Steven Spielberg has spent much of his 50-year directing career mining the fable of his own family, but it has been typically delivered in crowd-pleasing genre films like CLOSE ENCOUNTERS OF THE THIRD KIND and E.T. "I started seriously thinking, if I had to make one movie I haven't made yet, something on a very personal level, what would that be?" Spielberg says. "And there was only one story I really wanted to tell."

     That movie, THE FABELMANS, is the story of Spielberg's childhood.
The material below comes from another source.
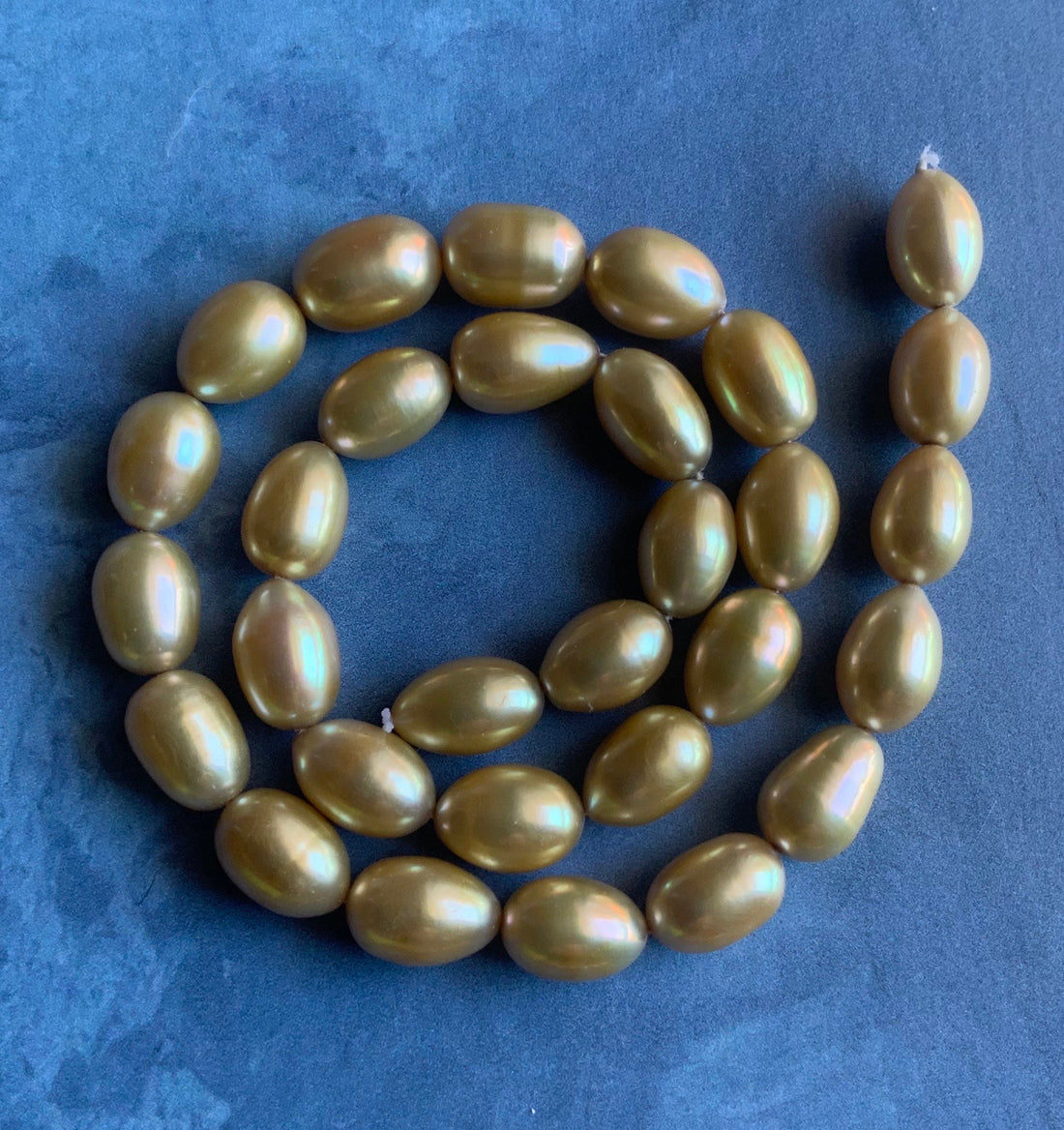 Beautiful Large AAA Large Champagne Gold Oval Rice Shaped Freshwater Pearl Strand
And it is Spielberg's most vulnerable movie. Written by the director and his frequent collaborator Tony Kushner (MUNICH, LINCOLN, WEST SIDE STORY) THE FABELMANS is Spielberg's origin story as a filmmaker, but the heart of the story belongs to Michelle Williams, who gives an astonishing, larger-than-life performance as Spielberg's mother Mitzi. Williams was nominated this week for a Golden Globe award as Best Actress in a Drama. The movie also received nominations for Best Picture, Best Director and Best Screenplay. It opens in the Starlight Friday. "Bring out the Oscars for the year's best movie." -ABC News. "Here is a film that is touched with the madness of love." -New Yorker

     With the highest (AVATAR) and third highest (TITANIC) grossing films of all time, one should never bet against James Cameron. And if the reviews are any indication, AVATAR: THE WAY OF WATER - opening Friday in the Rose - is another winner. "Cameron has done it again...a state of the art exercise that rekindles that sense of wonder and demands to be seen by anyone with lingering interest in watching movies in theaters." -CNN.com

     I'm pleased to be presenting ALL THE BEAUTY AND THE BLOODSHED. I've had my eye on this film for months. Academy Award-winning filmmaker Laura Poitras (CITIZENFOUR) has created an epic and emotional story about artist and activist Nan Golden. But it's not a biodoc in any standard sense. Instead it is an incandescent work that examines Golden's personal life, her evolution as an artist, and her later turn towards advocacy, and understands them to be part of the same journey. "This is an overwhelming film." -IndieWire. "A sublime and gritty knockout." -Hollywood Reporter.